Records contained in a dataset
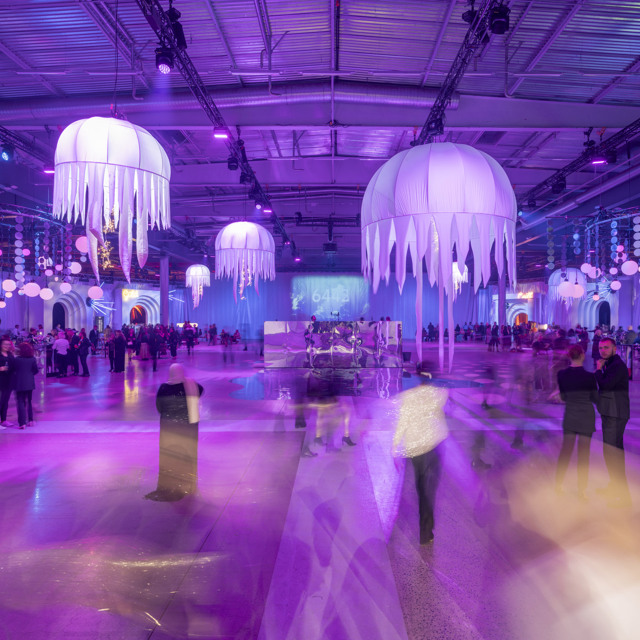 stockholmsmässan hosts world-class events.<br />
view from hall A with octopus-like lampro in the ceiling and an environment taken from the Atlantis concept 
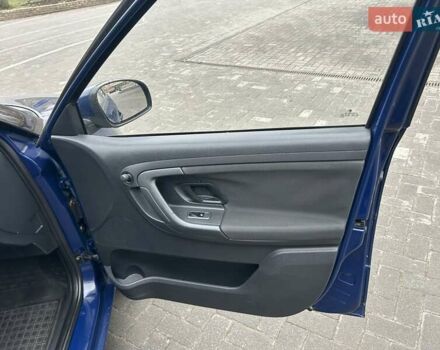 Синий Шкода Фабия, объемом двигателя 1.39 л и пробегом 260 тыс. км за 4200 $, фото 15 на Automoto.ua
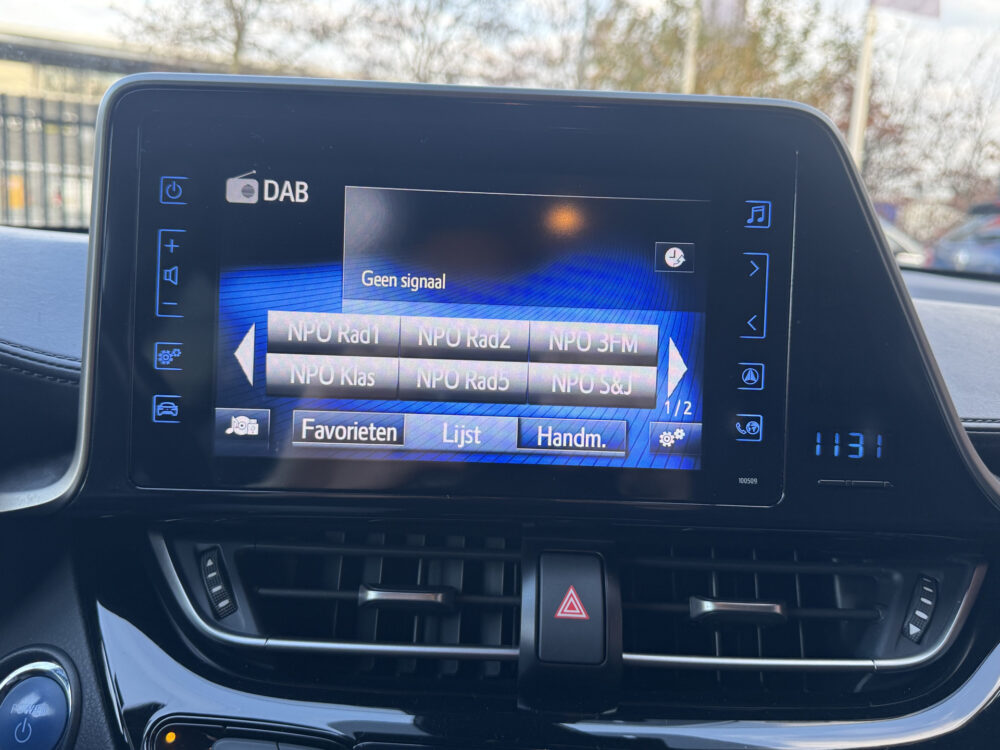 Toyota C-HR 1.8 Hybrid Style Ultimate // LED PAKKET // NAVI // CAMERA // CLIMA // ADAPTIVE CRUISE // STOEL + STUUR VERWARMING // 16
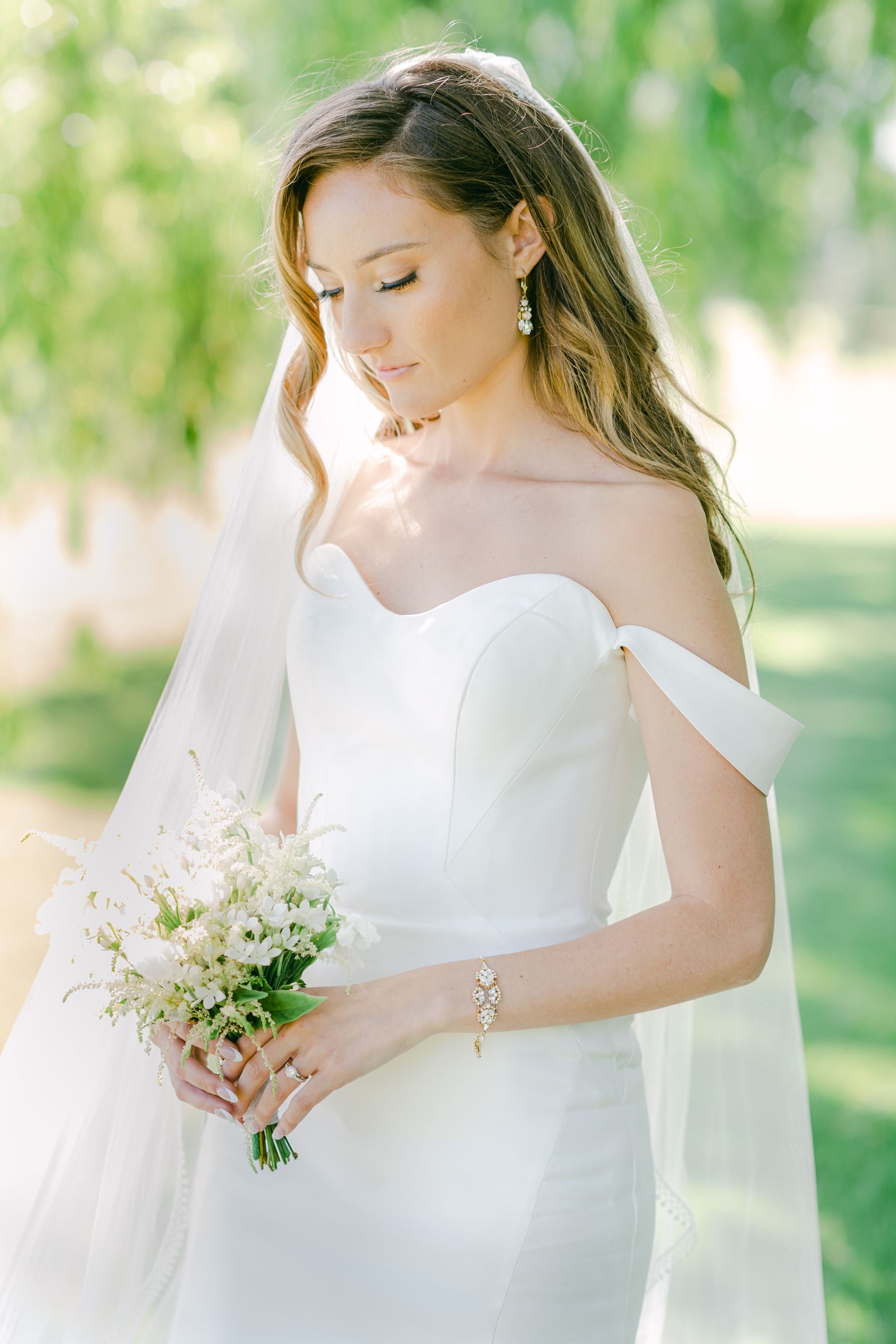 Defying All Odds: The Timeless MontHill Golf &amp; Country Club Vows of Alexandra &amp; Joshua  photo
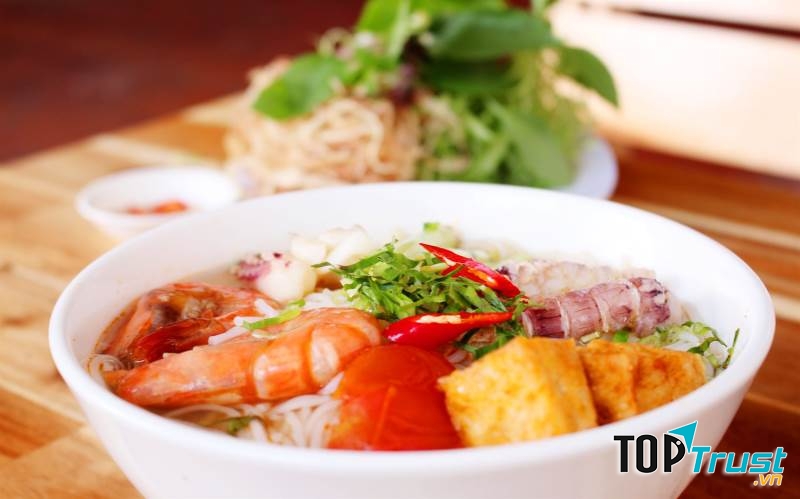 Bún Thái hải sản - Mắm Me quán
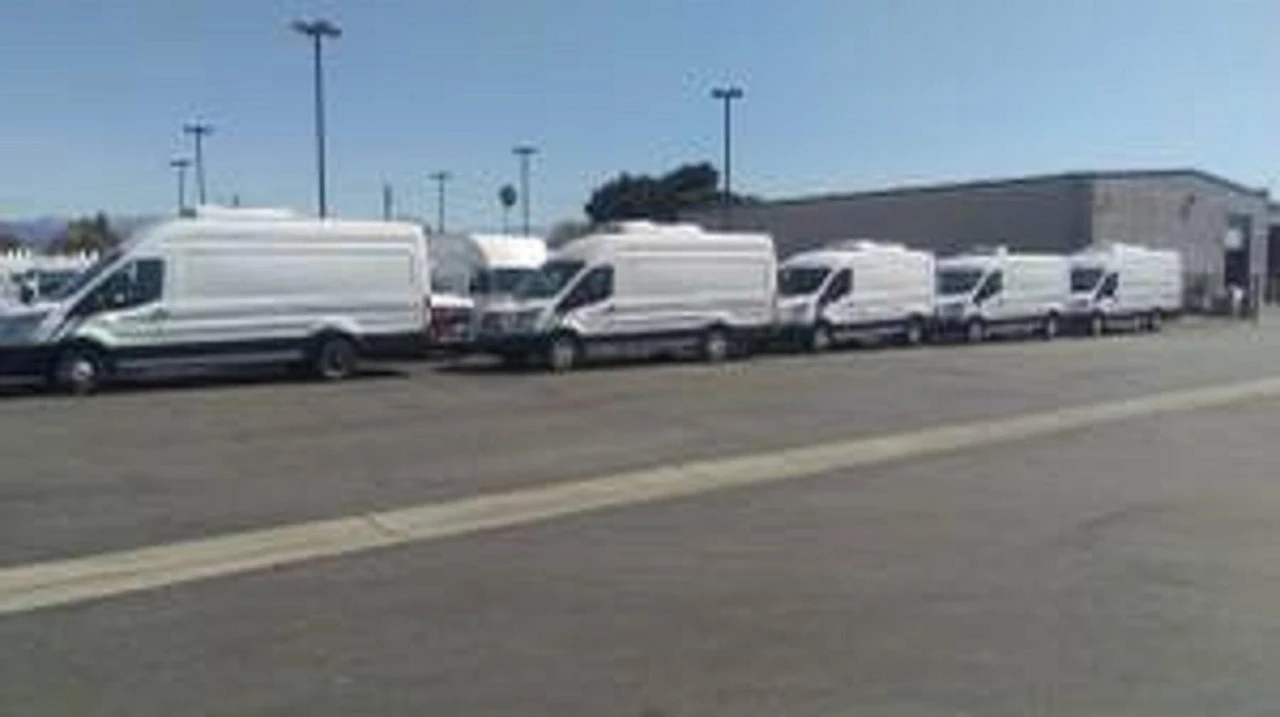 2022 Ford Transit - Image 9 of 12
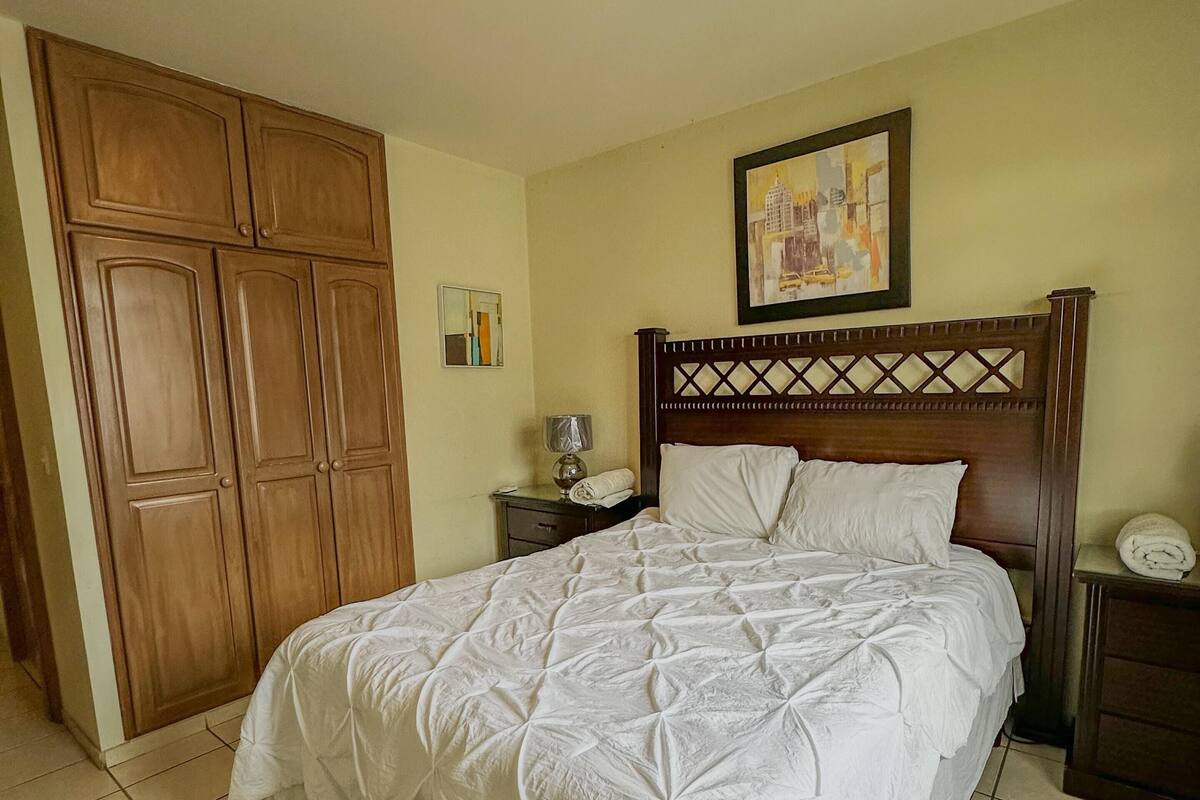 2 室のベッドルーム、アイロン / アイロン台、WiFi (無料)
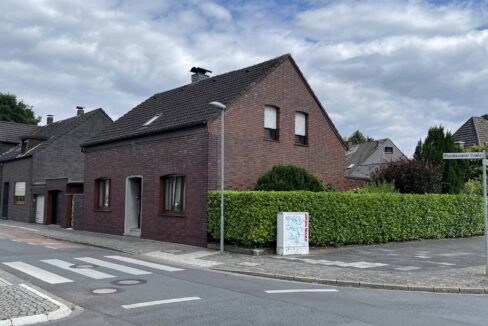 Straßenansicht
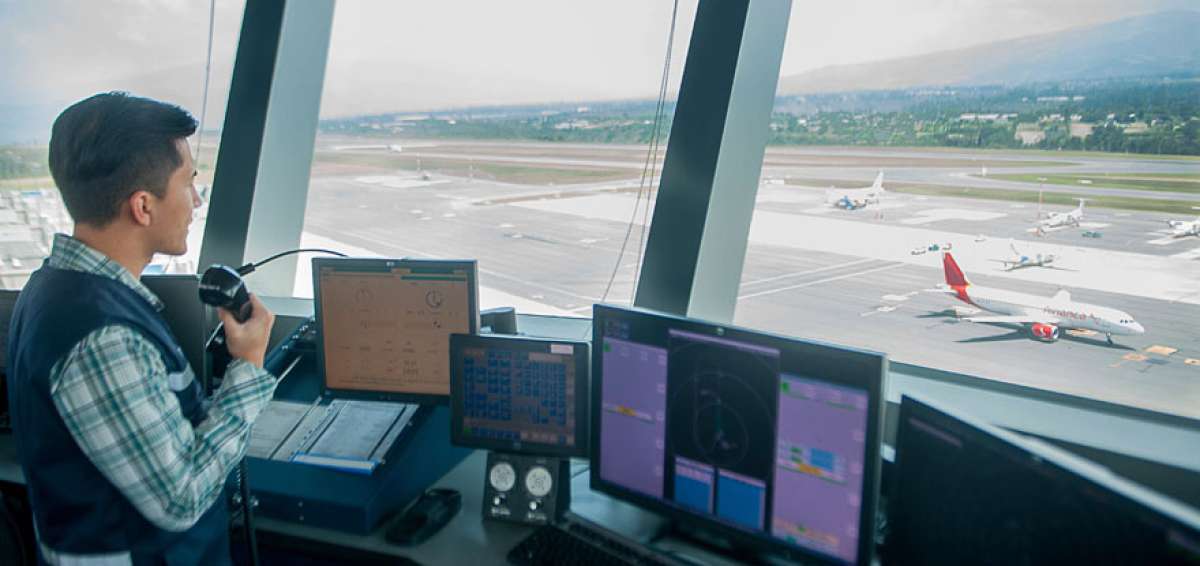 Los aeropuertos deben tener personal de Control de Tr&aacute;nsito A&eacute;reo las 24 horas del d&iacute;a para que las aeronaves puedan circular.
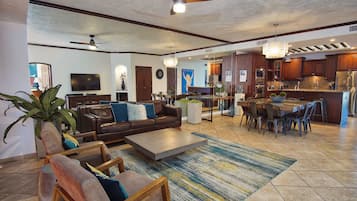 Appartamento, letti multipli, balcone, vista oceano (Sonoran Sky SKY 808) | Area soggiorno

▸ INSTRUCTIONS TO FOLLOW
Please print the data above once more, exactly and without images.

▸ SOLUTION TO THIS TASK
 stockholmsmässan hosts world-class events.<br />
view from hall A with octopus-like lampro in the ceiling and an environment taken from the Atlantis concept 
 Синий Шкода Фабия, объемом двигателя 1.39 л и пробегом 260 тыс. км за 4200 $, фото 15 на Automoto.ua
 Toyota C-HR 1.8 Hybrid Style Ultimate // LED PAKKET // NAVI // CAMERA // CLIMA // ADAPTIVE CRUISE // STOEL + STUUR VERWARMING // 16
 Defying All Odds: The Timeless MontHill Golf &amp; Country Club Vows of Alexandra &amp; Joshua  photo
 Bún Thái hải sản - Mắm Me quán
 2022 Ford Transit - Image 9 of 12
 2 室のベッドルーム、アイロン / アイロン台、WiFi (無料)
 Straßenansicht
 Los aeropuertos deben tener personal de Control de Tr&aacute;nsito A&eacute;reo las 24 horas del d&iacute;a para que las aeronaves puedan circular.
 Appartamento, letti multipli, balcone, vista oceano (Sonoran Sky SKY 808) | Area soggiorno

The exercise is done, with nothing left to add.